The data:
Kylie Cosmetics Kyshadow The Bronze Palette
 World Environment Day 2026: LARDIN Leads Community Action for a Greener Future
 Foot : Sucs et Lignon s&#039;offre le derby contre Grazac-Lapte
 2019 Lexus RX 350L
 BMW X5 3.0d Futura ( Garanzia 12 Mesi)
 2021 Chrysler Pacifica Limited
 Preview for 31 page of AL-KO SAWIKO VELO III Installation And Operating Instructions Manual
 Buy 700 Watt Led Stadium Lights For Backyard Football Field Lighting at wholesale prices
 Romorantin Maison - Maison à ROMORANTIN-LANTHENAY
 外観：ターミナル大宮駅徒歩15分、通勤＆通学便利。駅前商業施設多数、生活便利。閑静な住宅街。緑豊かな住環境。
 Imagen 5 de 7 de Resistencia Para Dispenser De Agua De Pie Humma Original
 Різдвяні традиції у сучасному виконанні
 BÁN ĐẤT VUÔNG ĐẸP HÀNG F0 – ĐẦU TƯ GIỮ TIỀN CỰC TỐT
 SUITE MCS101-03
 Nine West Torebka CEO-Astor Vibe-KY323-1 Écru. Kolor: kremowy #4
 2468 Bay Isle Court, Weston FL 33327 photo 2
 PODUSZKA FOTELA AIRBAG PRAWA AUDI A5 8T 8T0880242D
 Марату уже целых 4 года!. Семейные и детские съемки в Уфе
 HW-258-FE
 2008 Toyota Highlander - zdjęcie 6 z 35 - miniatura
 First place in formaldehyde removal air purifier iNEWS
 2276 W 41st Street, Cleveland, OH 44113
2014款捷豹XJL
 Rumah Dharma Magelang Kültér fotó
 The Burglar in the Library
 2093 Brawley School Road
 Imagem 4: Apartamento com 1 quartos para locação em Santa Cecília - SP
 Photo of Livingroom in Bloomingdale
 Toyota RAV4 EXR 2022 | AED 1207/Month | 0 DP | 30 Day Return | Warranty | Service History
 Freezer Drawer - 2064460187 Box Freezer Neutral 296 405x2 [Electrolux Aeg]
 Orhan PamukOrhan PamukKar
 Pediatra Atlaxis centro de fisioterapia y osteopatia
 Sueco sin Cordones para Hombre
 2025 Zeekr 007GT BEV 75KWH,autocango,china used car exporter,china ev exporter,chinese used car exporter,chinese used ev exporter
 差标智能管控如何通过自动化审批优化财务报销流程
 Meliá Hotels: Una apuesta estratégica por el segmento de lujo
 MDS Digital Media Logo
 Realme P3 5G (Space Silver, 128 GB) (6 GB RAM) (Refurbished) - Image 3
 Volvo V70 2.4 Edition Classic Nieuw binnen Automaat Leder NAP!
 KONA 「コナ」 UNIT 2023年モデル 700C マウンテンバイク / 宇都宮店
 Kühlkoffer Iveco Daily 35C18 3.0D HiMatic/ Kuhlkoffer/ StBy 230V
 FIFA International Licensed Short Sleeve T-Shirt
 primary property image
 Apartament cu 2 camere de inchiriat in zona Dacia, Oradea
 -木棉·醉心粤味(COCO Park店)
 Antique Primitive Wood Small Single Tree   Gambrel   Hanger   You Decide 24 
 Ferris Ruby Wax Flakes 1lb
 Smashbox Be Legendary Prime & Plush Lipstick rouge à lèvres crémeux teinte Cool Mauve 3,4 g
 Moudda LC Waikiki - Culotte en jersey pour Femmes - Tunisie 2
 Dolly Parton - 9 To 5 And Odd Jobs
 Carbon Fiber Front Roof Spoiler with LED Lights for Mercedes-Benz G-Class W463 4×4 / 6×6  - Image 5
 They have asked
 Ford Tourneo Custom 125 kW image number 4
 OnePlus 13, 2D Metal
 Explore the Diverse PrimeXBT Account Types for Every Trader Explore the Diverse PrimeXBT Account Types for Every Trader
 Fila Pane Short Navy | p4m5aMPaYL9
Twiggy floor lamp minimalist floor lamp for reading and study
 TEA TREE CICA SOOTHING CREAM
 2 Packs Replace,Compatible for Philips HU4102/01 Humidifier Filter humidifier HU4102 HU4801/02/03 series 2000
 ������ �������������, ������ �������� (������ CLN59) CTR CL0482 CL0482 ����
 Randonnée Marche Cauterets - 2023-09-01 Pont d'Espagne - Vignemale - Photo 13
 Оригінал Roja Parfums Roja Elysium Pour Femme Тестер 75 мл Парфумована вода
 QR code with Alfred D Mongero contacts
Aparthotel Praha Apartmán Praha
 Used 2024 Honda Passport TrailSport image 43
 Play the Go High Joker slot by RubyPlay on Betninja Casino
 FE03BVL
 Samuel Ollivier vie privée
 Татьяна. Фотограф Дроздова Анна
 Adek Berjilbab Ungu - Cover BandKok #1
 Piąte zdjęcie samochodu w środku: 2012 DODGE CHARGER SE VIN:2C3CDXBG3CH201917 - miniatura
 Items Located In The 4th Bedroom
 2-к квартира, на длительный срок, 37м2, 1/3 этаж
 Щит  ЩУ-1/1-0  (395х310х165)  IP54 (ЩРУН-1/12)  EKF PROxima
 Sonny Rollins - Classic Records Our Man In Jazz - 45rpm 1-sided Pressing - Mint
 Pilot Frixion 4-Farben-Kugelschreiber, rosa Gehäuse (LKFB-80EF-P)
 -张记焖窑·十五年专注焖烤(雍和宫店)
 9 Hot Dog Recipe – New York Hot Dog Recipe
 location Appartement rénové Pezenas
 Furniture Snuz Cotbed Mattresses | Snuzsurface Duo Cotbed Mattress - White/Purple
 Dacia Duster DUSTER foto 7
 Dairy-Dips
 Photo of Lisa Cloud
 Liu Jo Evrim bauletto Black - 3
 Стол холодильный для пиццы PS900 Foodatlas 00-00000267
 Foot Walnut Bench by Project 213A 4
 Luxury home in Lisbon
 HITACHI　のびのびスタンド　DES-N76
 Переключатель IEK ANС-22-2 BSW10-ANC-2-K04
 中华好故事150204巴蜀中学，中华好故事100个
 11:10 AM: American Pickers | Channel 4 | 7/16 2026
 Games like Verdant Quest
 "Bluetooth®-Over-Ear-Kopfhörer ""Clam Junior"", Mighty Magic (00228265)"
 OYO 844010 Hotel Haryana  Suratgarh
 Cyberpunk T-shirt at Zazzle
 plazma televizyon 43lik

Goal of the exercise:
Restate the records, all of them, precisely as written.

Answer space:
Kylie Cosmetics Kyshadow The Bronze Palette
 World Environment Day 2026: LARDIN Leads Community Action for a Greener Future
 Foot : Sucs et Lignon s&#039;offre le derby contre Grazac-Lapte
 2019 Lexus RX 350L
 BMW X5 3.0d Futura ( Garanzia 12 Mesi)
 2021 Chrysler Pacifica Limited
 Preview for 31 page of AL-KO SAWIKO VELO III Installation And Operating Instructions Manual
 Buy 700 Watt Led Stadium Lights For Backyard Football Field Lighting at wholesale prices
 Romorantin Maison - Maison à ROMORANTIN-LANTHENAY
 外観：ターミナル大宮駅徒歩15分、通勤＆通学便利。駅前商業施設多数、生活便利。閑静な住宅街。緑豊かな住環境。
 Imagen 5 de 7 de Resistencia Para Dispenser De Agua De Pie Humma Original
 Різдвяні традиції у сучасному виконанні
 BÁN ĐẤT VUÔNG ĐẸP HÀNG F0 – ĐẦU TƯ GIỮ TIỀN CỰC TỐT
 SUITE MCS101-03
 Nine West Torebka CEO-Astor Vibe-KY323-1 Écru. Kolor: kremowy #4
 2468 Bay Isle Court, Weston FL 33327 photo 2
 PODUSZKA FOTELA AIRBAG PRAWA AUDI A5 8T 8T0880242D
 Марату уже целых 4 года!. Семейные и детские съемки в Уфе
 HW-258-FE
 2008 Toyota Highlander - zdjęcie 6 z 35 - miniatura
 First place in formaldehyde removal air purifier iNEWS
 2276 W 41st Street, Cleveland, OH 44113
2014款捷豹XJL
 Rumah Dharma Magelang Kültér fotó
 The Burglar in the Library
 2093 Brawley School Road
 Imagem 4: Apartamento com 1 quartos para locação em Santa Cecília - SP
 Photo of Livingroom in Bloomingdale
 Toyota RAV4 EXR 2022 | AED 1207/Month | 0 DP | 30 Day Return | Warranty | Service History
 Freezer Drawer - 2064460187 Box Freezer Neutral 296 405x2 [Electrolux Aeg]
 Orhan PamukOrhan PamukKar
 Pediatra Atlaxis centro de fisioterapia y osteopatia
 Sueco sin Cordones para Hombre
 2025 Zeekr 007GT BEV 75KWH,autocango,china used car exporter,china ev exporter,chinese used car exporter,chinese used ev exporter
 差标智能管控如何通过自动化审批优化财务报销流程
 Meliá Hotels: Una apuesta estratégica por el segmento de lujo
 MDS Digital Media Logo
 Realme P3 5G (Space Silver, 128 GB) (6 GB RAM) (Refurbished) - Image 3
 Volvo V70 2.4 Edition Classic Nieuw binnen Automaat Leder NAP!
 KONA 「コナ」 UNIT 2023年モデル 700C マウンテンバイク / 宇都宮店
 Kühlkoffer Iveco Daily 35C18 3.0D HiMatic/ Kuhlkoffer/ StBy 230V
 FIFA International Licensed Short Sleeve T-Shirt
 primary property image
 Apartament cu 2 camere de inchiriat in zona Dacia, Oradea
 -木棉·醉心粤味(COCO Park店)
 Antique Primitive Wood Small Single Tree   Gambrel   Hanger   You Decide 24 
 Ferris Ruby Wax Flakes 1lb
 Smashbox Be Legendary Prime & Plush Lipstick rouge à lèvres crémeux teinte Cool Mauve 3,4 g
 Moudda LC Waikiki - Culotte en jersey pour Femmes - Tunisie 2
 Dolly Parton - 9 To 5 And Odd Jobs
 Carbon Fiber Front Roof Spoiler with LED Lights for Mercedes-Benz G-Class W463 4×4 / 6×6  - Image 5
 They have asked
 Ford Tourneo Custom 125 kW image number 4
 OnePlus 13, 2D Metal
 Explore the Diverse PrimeXBT Account Types for Every Trader Explore the Diverse PrimeXBT Account Types for Every Trader
 Fila Pane Short Navy | p4m5aMPaYL9
Twiggy floor lamp minimalist floor lamp for reading and study
 TEA TREE CICA SOOTHING CREAM
 2 Packs Replace,Compatible for Philips HU4102/01 Humidifier Filter humidifier HU4102 HU4801/02/03 series 2000
 ������ �������������, ������ �������� (������ CLN59) CTR CL0482 CL0482 ����
 Randonnée Marche Cauterets - 2023-09-01 Pont d'Espagne - Vignemale - Photo 13
 Оригінал Roja Parfums Roja Elysium Pour Femme Тестер 75 мл Парфумована вода
 QR code with Alfred D Mongero contacts
Aparthotel Praha Apartmán Praha
 Used 2024 Honda Passport TrailSport image 43
 Play the Go High Joker slot by RubyPlay on Betninja Casino
 FE03BVL
 Samuel Ollivier vie privée
 Татьяна. Фотограф Дроздова Анна
 Adek Berjilbab Ungu - Cover BandKok #1
 Piąte zdjęcie samochodu w środku: 2012 DODGE CHARGER SE VIN:2C3CDXBG3CH201917 - miniatura
 Items Located In The 4th Bedroom
 2-к квартира, на длительный срок, 37м2, 1/3 этаж
 Щит  ЩУ-1/1-0  (395х310х165)  IP54 (ЩРУН-1/12)  EKF PROxima
 Sonny Rollins - Classic Records Our Man In Jazz - 45rpm 1-sided Pressing - Mint
 Pilot Frixion 4-Farben-Kugelschreiber, rosa Gehäuse (LKFB-80EF-P)
 -张记焖窑·十五年专注焖烤(雍和宫店)
 9 Hot Dog Recipe – New York Hot Dog Recipe
 location Appartement rénové Pezenas
 Furniture Snuz Cotbed Mattresses | Snuzsurface Duo Cotbed Mattress - White/Purple
 Dacia Duster DUSTER foto 7
 Dairy-Dips
 Photo of Lisa Cloud
 Liu Jo Evrim bauletto Black - 3
 Стол холодильный для пиццы PS900 Foodatlas 00-00000267
 Foot Walnut Bench by Project 213A 4
 Luxury home in Lisbon
 HITACHI　のびのびスタンド　DES-N76
 Переключатель IEK ANС-22-2 BSW10-ANC-2-K04
 中华好故事150204巴蜀中学，中华好故事100个
 11:10 AM: American Pickers | Channel 4 | 7/16 2026
 Games like Verdant Quest
 "Bluetooth®-Over-Ear-Kopfhörer ""Clam Junior"", Mighty Magic (00228265)"
 OYO 844010 Hotel Haryana  Suratgarh
 Cyberpunk T-shirt at Zazzle
 plazma televizyon 43lik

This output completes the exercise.